Data to use Start Marker

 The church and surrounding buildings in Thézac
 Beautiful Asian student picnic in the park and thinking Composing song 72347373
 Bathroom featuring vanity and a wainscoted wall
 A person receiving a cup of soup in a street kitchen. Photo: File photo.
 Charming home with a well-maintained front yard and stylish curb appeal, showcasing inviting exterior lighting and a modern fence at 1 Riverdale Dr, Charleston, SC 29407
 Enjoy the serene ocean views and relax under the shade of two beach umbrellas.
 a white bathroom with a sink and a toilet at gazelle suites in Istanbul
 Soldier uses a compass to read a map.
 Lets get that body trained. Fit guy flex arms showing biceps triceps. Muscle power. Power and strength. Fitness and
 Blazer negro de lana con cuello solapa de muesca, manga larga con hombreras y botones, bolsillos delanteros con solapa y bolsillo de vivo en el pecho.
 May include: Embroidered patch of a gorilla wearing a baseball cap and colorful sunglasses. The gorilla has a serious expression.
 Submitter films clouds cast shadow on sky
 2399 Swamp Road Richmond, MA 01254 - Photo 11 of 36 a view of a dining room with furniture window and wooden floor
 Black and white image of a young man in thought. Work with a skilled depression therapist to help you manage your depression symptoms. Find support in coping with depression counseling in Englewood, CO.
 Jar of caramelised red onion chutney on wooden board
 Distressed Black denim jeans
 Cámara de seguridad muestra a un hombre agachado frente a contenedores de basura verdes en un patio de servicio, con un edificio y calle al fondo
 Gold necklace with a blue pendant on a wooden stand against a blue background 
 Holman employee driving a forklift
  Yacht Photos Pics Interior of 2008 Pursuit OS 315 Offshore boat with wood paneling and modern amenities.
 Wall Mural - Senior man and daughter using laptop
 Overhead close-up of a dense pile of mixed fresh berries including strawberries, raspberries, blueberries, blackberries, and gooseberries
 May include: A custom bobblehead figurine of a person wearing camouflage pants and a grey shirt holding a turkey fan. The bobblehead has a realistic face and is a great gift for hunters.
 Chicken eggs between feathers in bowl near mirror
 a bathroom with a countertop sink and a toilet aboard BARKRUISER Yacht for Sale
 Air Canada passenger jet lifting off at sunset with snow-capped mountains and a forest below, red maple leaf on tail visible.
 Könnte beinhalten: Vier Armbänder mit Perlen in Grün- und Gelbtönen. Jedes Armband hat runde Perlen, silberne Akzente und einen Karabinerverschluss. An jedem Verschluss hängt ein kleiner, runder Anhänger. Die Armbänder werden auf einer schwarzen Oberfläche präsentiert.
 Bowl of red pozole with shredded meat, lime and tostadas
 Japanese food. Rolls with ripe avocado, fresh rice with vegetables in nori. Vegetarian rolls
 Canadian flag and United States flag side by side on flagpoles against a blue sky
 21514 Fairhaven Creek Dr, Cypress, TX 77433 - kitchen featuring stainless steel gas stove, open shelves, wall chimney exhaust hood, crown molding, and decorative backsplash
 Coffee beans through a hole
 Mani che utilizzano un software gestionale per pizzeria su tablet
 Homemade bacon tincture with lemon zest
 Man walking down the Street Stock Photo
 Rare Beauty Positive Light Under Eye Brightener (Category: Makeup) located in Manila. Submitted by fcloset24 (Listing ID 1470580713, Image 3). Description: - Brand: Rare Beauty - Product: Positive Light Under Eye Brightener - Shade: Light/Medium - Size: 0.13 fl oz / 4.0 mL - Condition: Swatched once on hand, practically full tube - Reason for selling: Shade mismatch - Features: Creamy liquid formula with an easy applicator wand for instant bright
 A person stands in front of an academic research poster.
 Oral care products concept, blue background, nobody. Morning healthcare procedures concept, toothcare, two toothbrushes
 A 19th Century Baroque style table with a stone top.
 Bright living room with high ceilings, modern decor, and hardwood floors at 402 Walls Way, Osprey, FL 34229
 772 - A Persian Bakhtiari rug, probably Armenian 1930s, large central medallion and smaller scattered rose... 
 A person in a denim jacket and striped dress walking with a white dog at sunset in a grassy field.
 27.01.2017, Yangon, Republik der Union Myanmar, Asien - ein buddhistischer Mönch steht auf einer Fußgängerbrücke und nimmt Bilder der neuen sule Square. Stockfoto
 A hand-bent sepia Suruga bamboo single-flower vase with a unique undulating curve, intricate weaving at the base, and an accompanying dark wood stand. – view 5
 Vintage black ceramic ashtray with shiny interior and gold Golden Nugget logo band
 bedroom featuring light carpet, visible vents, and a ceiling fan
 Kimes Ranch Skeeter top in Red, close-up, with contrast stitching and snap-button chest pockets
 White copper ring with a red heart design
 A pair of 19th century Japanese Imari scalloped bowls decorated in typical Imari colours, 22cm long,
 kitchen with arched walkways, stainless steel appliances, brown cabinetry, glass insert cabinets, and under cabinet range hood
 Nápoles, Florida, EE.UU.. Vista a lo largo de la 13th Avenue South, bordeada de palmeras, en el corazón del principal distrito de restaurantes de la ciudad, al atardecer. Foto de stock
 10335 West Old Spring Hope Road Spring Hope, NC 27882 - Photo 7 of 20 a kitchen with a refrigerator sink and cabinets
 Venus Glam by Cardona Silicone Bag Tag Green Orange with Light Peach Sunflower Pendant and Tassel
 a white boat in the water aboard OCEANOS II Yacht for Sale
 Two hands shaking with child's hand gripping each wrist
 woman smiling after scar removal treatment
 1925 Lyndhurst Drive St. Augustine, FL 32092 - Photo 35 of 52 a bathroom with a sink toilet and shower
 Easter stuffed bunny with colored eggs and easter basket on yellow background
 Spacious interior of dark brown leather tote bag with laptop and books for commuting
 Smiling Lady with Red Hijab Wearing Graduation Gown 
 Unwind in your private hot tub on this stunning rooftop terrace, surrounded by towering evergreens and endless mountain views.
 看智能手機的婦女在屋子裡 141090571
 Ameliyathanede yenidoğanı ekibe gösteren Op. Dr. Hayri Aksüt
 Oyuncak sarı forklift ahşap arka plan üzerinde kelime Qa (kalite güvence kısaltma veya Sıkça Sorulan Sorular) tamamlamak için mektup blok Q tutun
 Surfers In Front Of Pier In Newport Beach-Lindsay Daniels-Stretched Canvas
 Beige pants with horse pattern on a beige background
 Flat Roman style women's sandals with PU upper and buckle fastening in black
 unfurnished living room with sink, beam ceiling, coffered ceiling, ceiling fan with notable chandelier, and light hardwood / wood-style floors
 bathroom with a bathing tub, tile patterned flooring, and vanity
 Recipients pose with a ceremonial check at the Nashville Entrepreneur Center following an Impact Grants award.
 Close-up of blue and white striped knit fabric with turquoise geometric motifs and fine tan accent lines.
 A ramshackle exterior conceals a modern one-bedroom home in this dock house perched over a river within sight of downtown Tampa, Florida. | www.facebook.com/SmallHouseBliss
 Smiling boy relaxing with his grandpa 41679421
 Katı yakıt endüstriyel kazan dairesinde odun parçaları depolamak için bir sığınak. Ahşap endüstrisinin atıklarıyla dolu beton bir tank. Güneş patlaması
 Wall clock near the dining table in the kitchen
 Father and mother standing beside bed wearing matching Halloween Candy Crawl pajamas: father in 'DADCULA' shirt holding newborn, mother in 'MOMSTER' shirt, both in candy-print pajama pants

Data to use End Marker

# [Exercise requirements]
The lines to extract from the data above begin with the line containing "Canadian flag and" and end with the line containing "Oral care products". Extract them exactly, including both.

# [Task solution]
 Canadian flag and United States flag side by side on flagpoles against a blue sky
 21514 Fairhaven Creek Dr, Cypress, TX 77433 - kitchen featuring stainless steel gas stove, open shelves, wall chimney exhaust hood, crown molding, and decorative backsplash
 Coffee beans through a hole
 Mani che utilizzano un software gestionale per pizzeria su tablet
 Homemade bacon tincture with lemon zest
 Man walking down the Street Stock Photo
 Rare Beauty Positive Light Under Eye Brightener (Category: Makeup) located in Manila. Submitted by fcloset24 (Listing ID 1470580713, Image 3). Description: - Brand: Rare Beauty - Product: Positive Light Under Eye Brightener - Shade: Light/Medium - Size: 0.13 fl oz / 4.0 mL - Condition: Swatched once on hand, practically full tube - Reason for selling: Shade mismatch - Features: Creamy liquid formula with an easy applicator wand for instant bright
 A person stands in front of an academic research poster.
 Oral care products concept, blue background, nobody. Morning healthcare procedures concept, toothcare, two toothbrushes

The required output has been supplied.